Your worst fear may be to be fired from your job in Kansas City. Yet you likely hold on to the assumption that your employer cannot fire you without for no reason. Is that true? Missouri, like most states, follows the principle of "at-will employment," which basically allows companies to fire employees for any reason (except an illegal one) or no reason at all. Furthermore, according to the National Conference of State Legislatures, the at-will presumption allows companies to alter the terms of employment, including cutting wages, reducing paid leave or terminating benefits. After having read this, you likely have one question: Am I an at-will employee?
If you do not have a contract with your employer, then the answer is yes. An employment contract not only allows you to negotiate your salary and benefits, but also what actions would result in your dismissal. With such an agreement in place, your employer can only then fire you for cause (or in other words, for violating the terms of your contract).
If you do not have a written employment contract, then the at-will presumption may make it seem as though you are completely vulnerable. However, there are certain exceptions to this rule.
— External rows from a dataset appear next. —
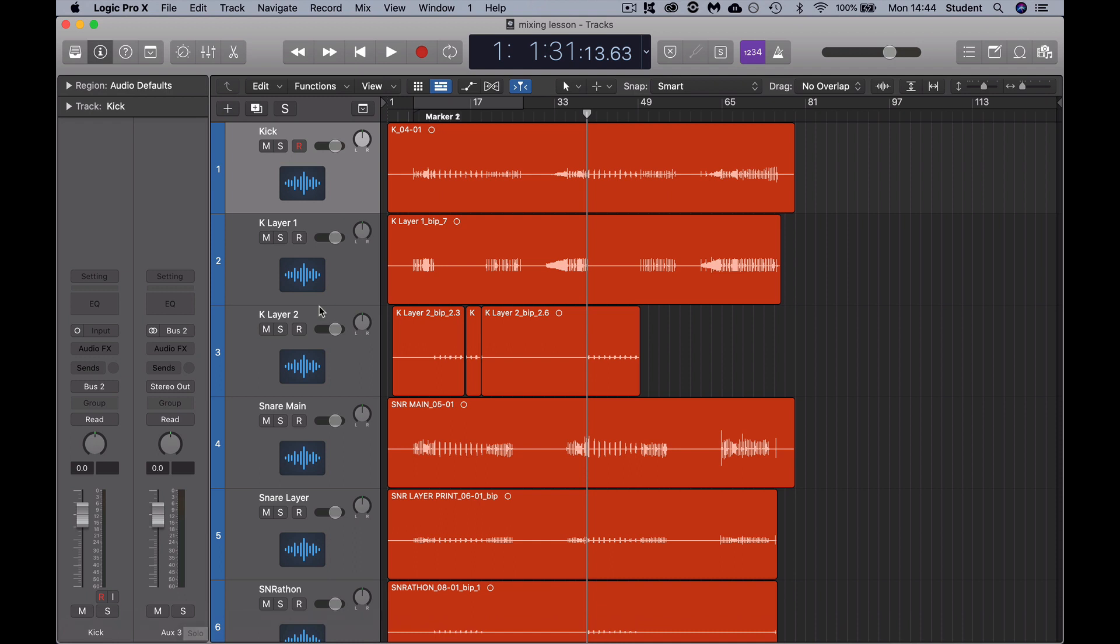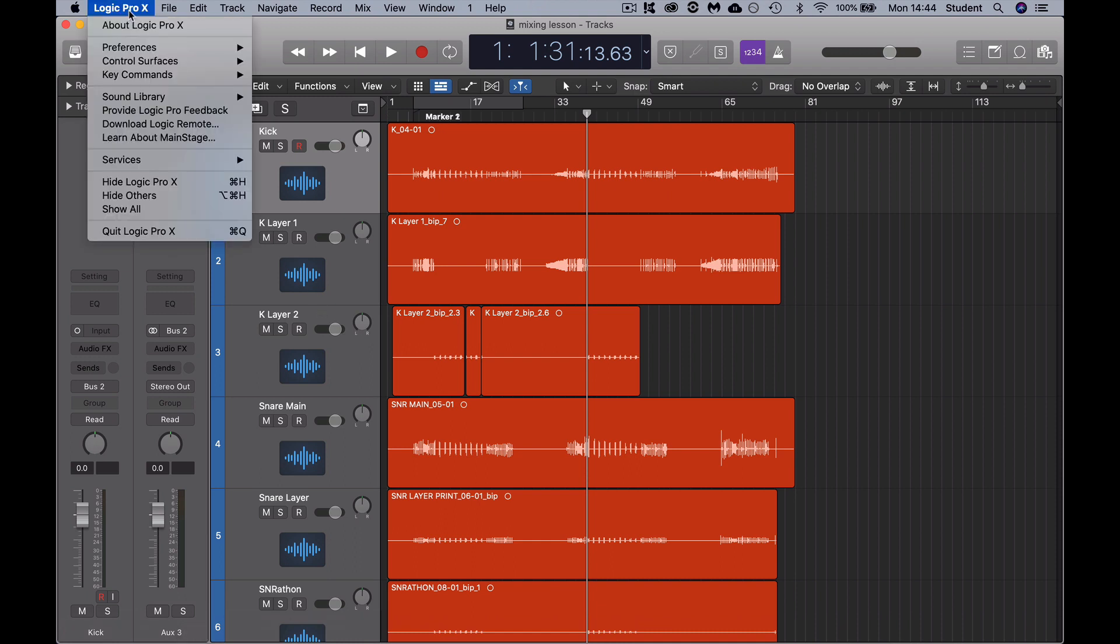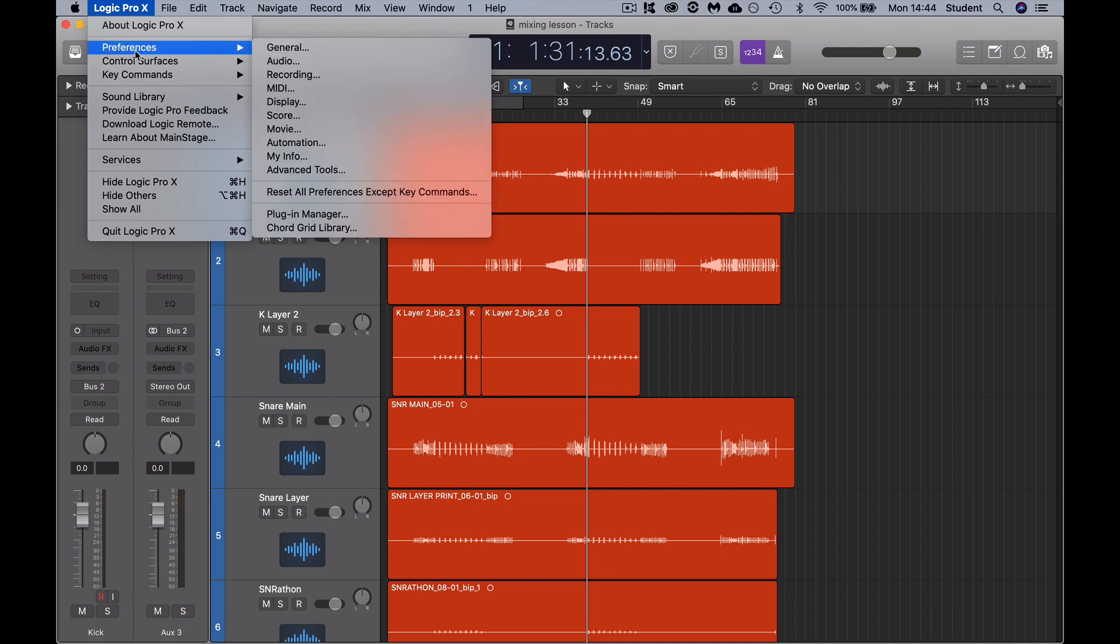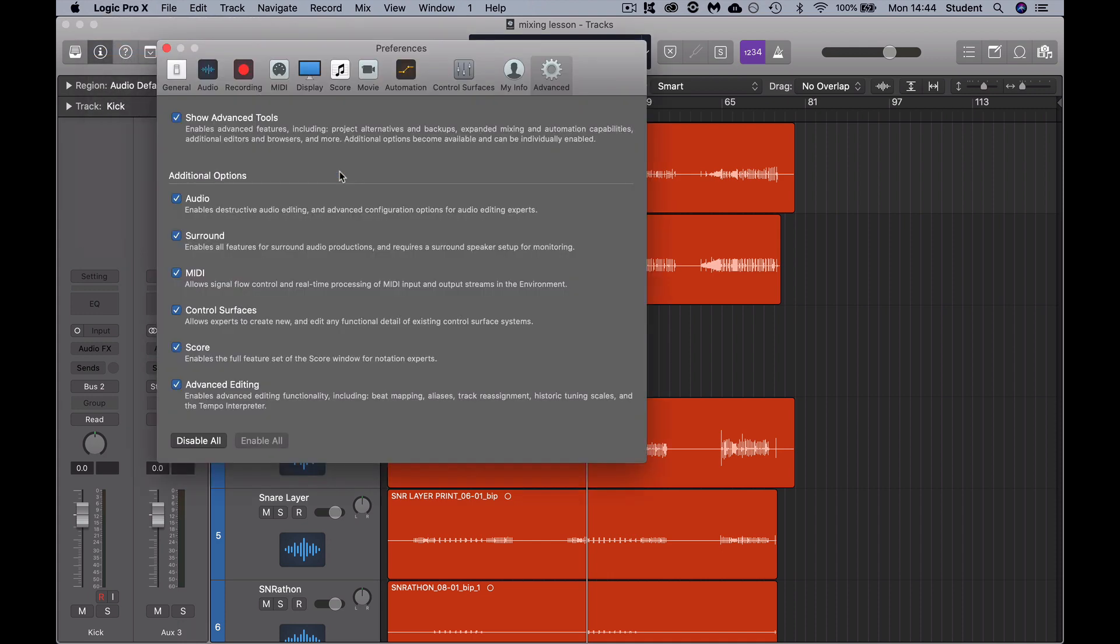First, go to Logic Pro, then Preferences, and Advanced Tools. Click on that. If you haven't got the advanced tools enabled, you will not have any ticks there, and you might just see an empty panel.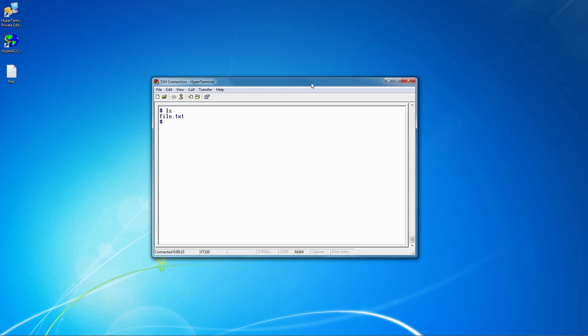For this video, I'll be using HyperTerminal, but the process is very much the same for HyperAccess.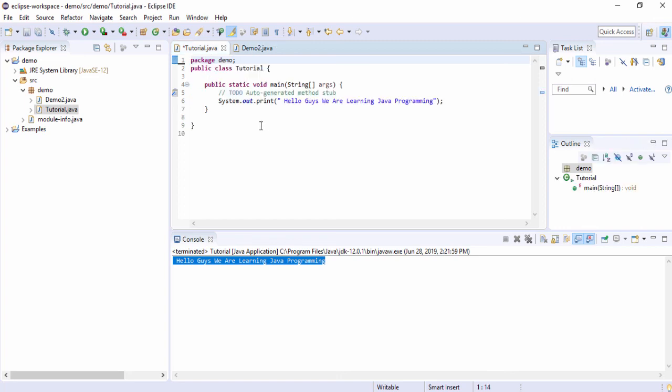This video is all about how you can install Eclipse IDE, how you can create a Java project, and how you can display text on Eclipse IDE using Java programming. I hope you understood. Thank you very much for watching — please subscribe to my channel for updates. Have a nice day guys!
These include:
- Public policy: Your employer cannot fire you for acting in the public's interest, such as reporting a crime or refusing to do something that violates the law.
- Implied contracts: You may be protected from firing if your employer has implied employment assurances through statements, practices, policies or employer handbooks.
- Implied covenant of good faith: Your employer cannot be acting in bad faith by firing you (such as letting you go before having to pay you a commission or bonus).
Instances involving racial, gender or religious discrimination may also be considered illegal reasons for terminating your employment.